◆ **AIM OF THE TASK**: Please restate each entry word for word and leave the pictures out.

◆ **Caption-style text data**:
+ + + + +

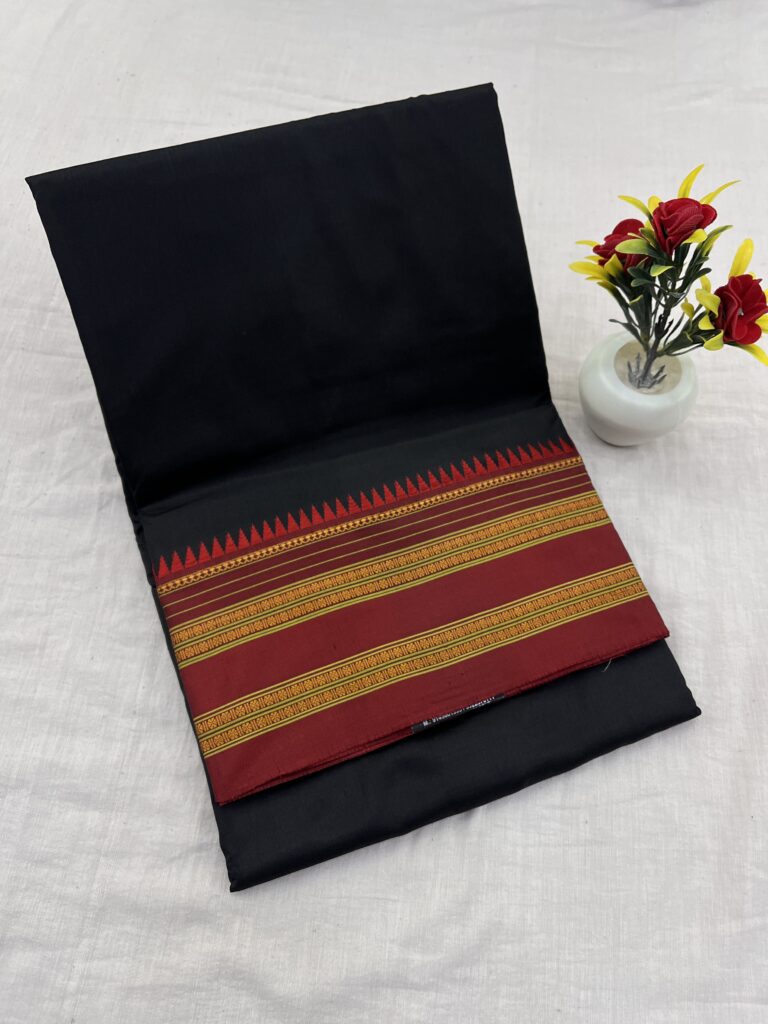Narayanpet Pure Silk Plain Saree 27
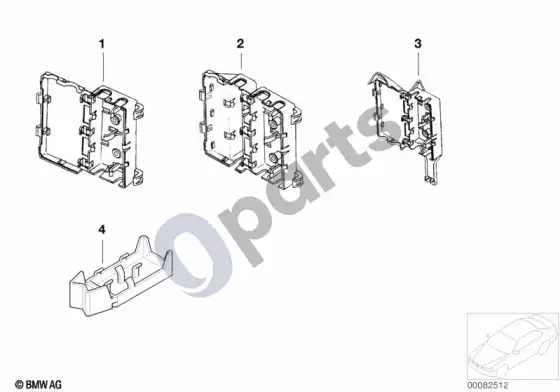 BMW 5 E39 kištukinės jungties laikiklis (E39 520D) – schema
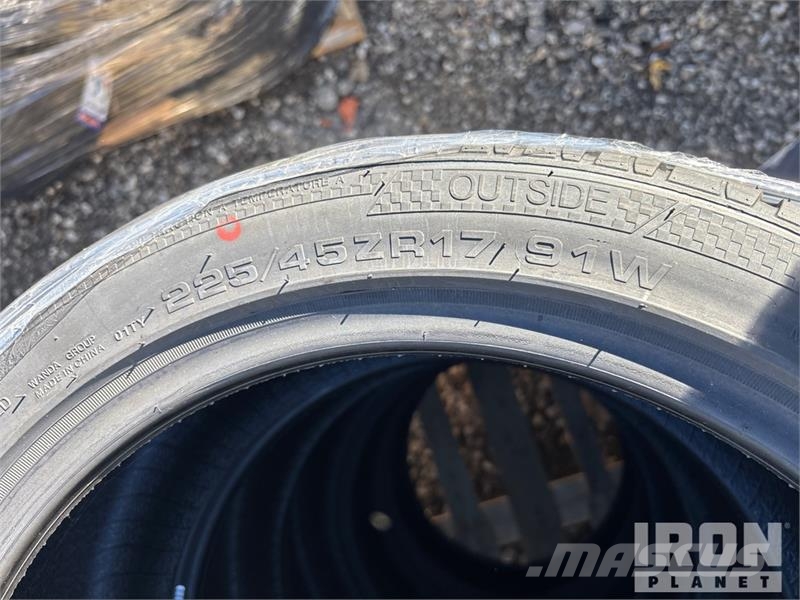 Quantity of (10) 225-45ZR-17 Tires (Unused) Gume, točkovi i felne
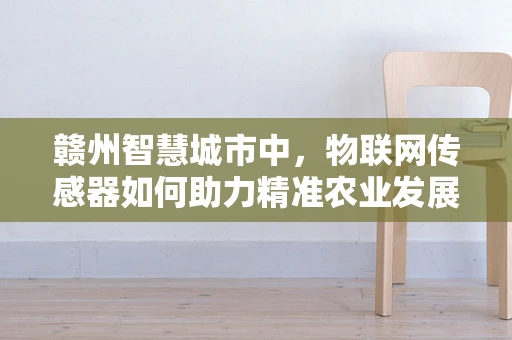 赣州智慧城市中，物联网传感器如何助力精准农业发展？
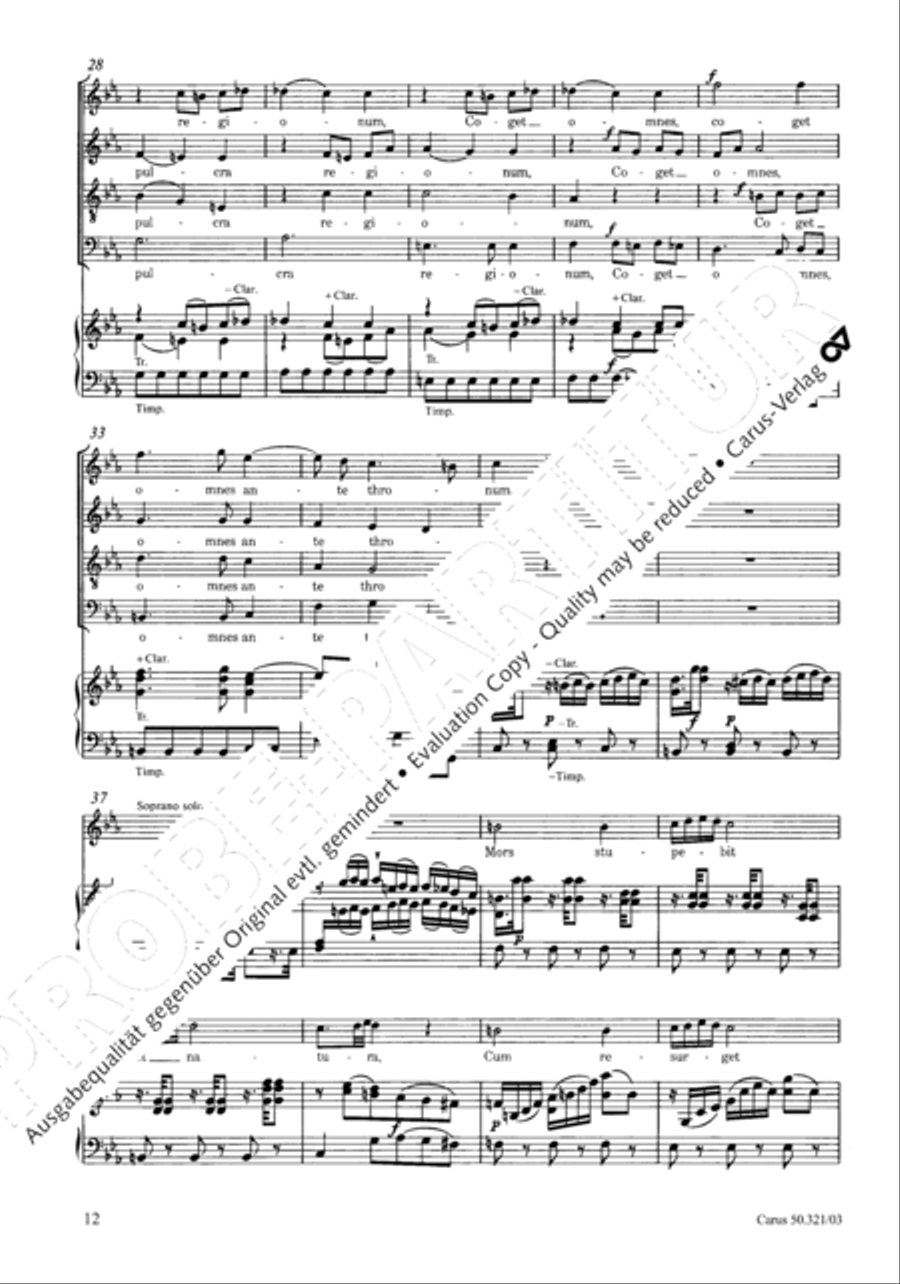 Requiem in C minor 4-Part scores gallery preview page 19
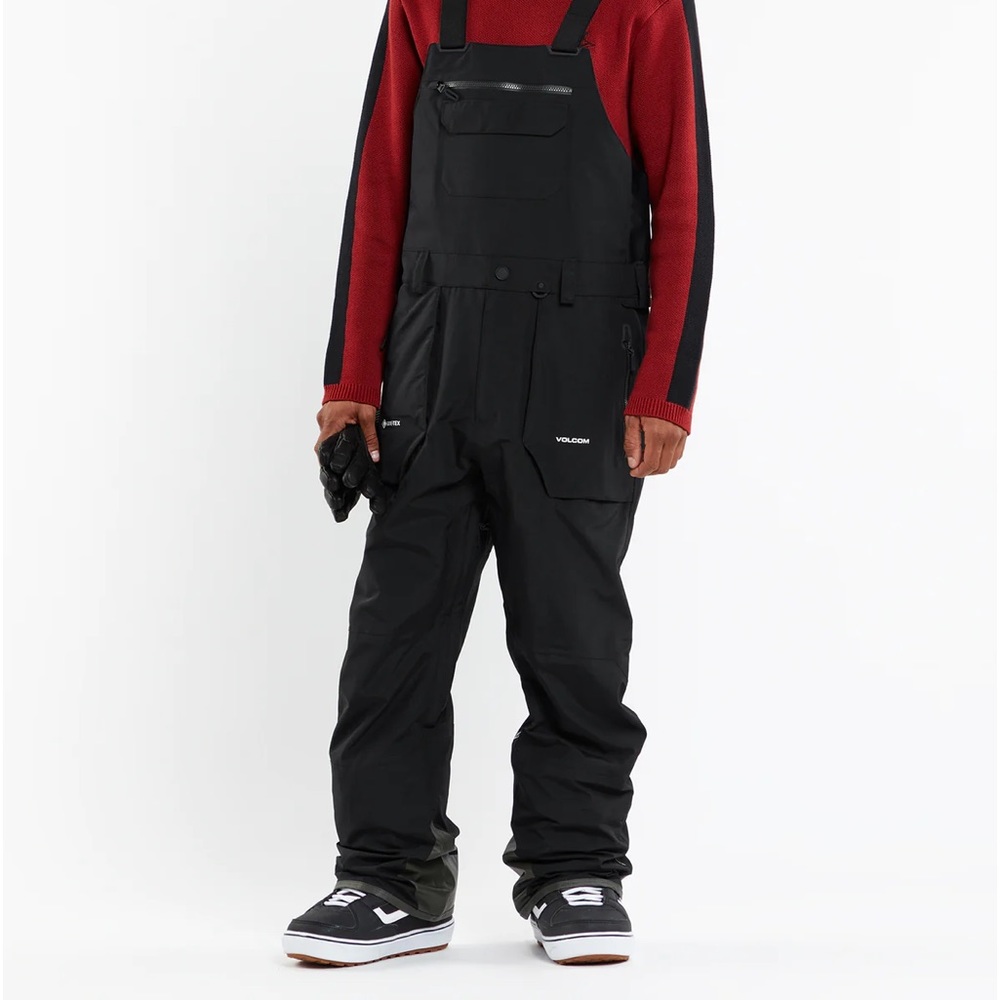 USED VOLCOM RAIN GORE-TEX BIBS MEDIUM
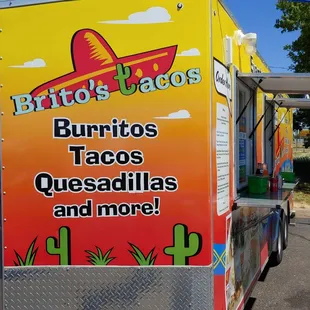 a colorful food truck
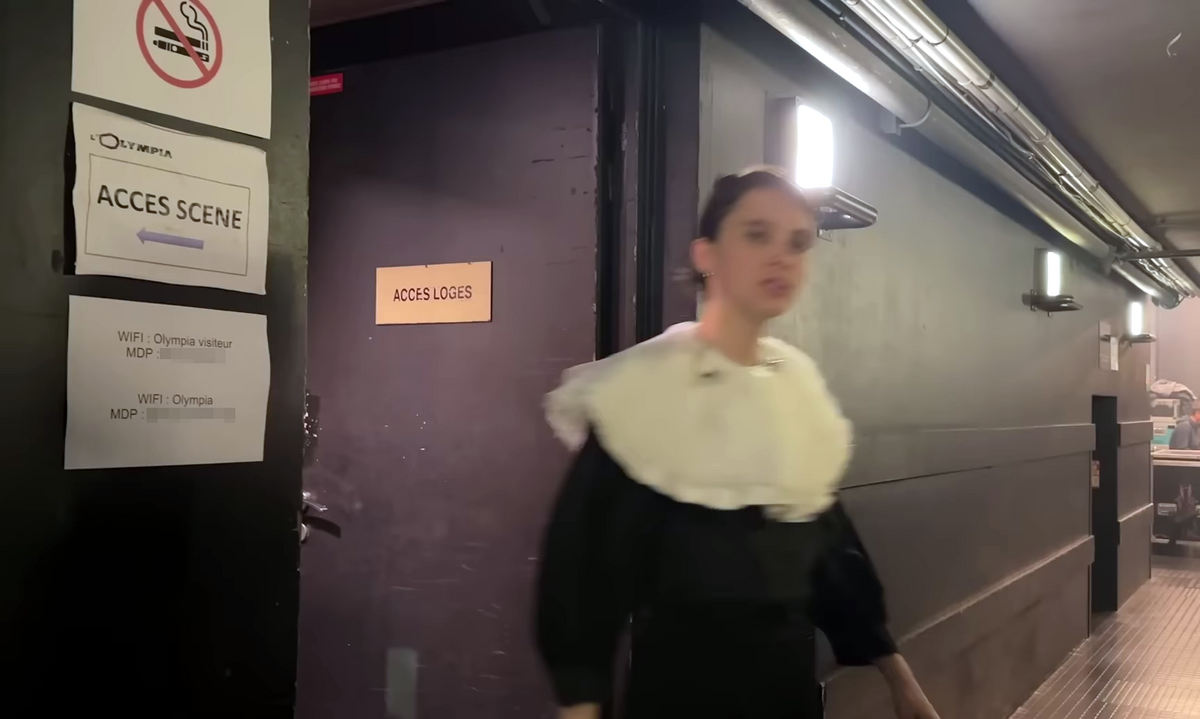 Les mots de passe Wifi de l’Olympia dans une interview de Pomme - Copie d'écran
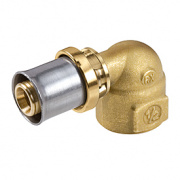 Переход на внутреннюю резьбу угловой Giacomini RM129 - 26x3.0 x 3/4" (прессовой, для металлопл.труб)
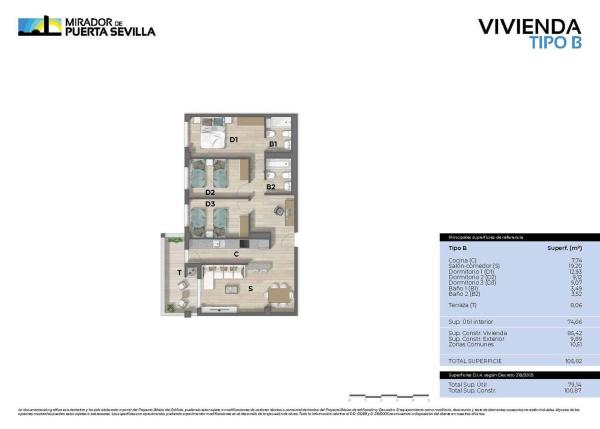 Venta de piso en Piso en Calle Marcelino Camacho, 5, Camas, Camas
thumbnail 1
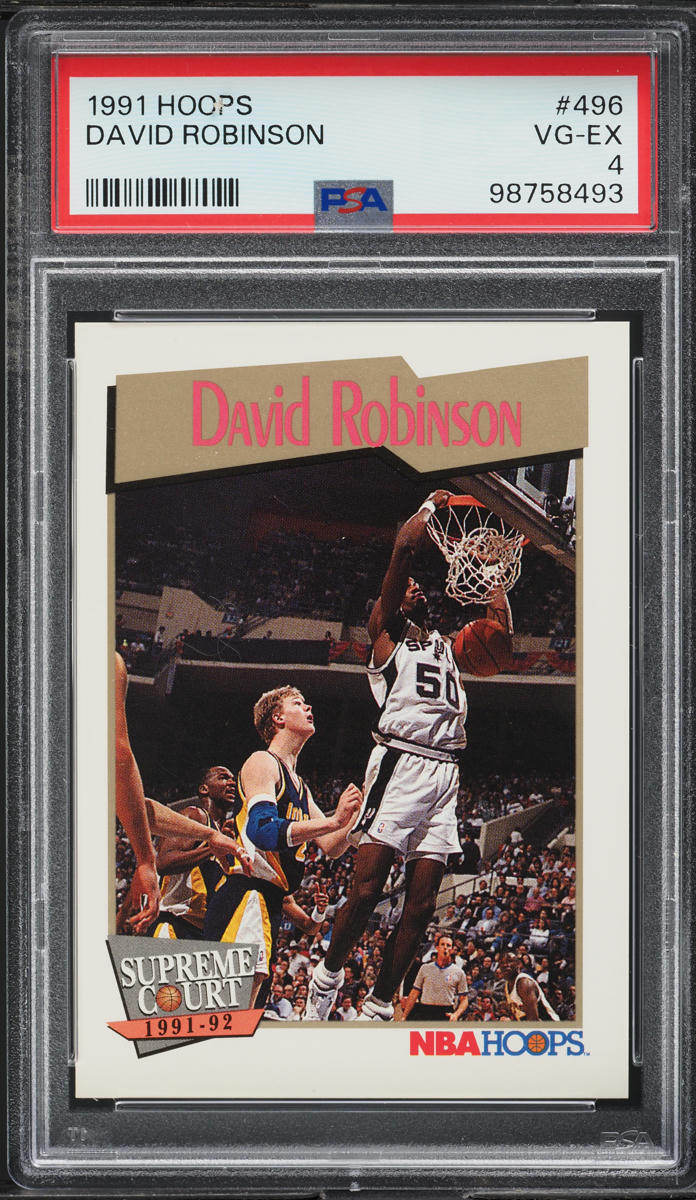 1991 Hoops David Robinson #496 PSA 4 VGEX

+ + + + +

◆ **TASK RESULT**:
Narayanpet Pure Silk Plain Saree 27
 BMW 5 E39 kištukinės jungties laikiklis (E39 520D) – schema
 Quantity of (10) 225-45ZR-17 Tires (Unused) Gume, točkovi i felne
 赣州智慧城市中，物联网传感器如何助力精准农业发展？
 Requiem in C minor 4-Part scores gallery preview page 19
 USED VOLCOM RAIN GORE-TEX BIBS MEDIUM
 a colorful food truck
 Les mots de passe Wifi de l’Olympia dans une interview de Pomme - Copie d'écran
 Переход на внутреннюю резьбу угловой Giacomini RM129 - 26x3.0 x 3/4" (прессовой, для металлопл.труб)
 Venta de piso en Piso en Calle Marcelino Camacho, 5, Camas, Camas
thumbnail 1
 1991 Hoops David Robinson #496 PSA 4 VGEX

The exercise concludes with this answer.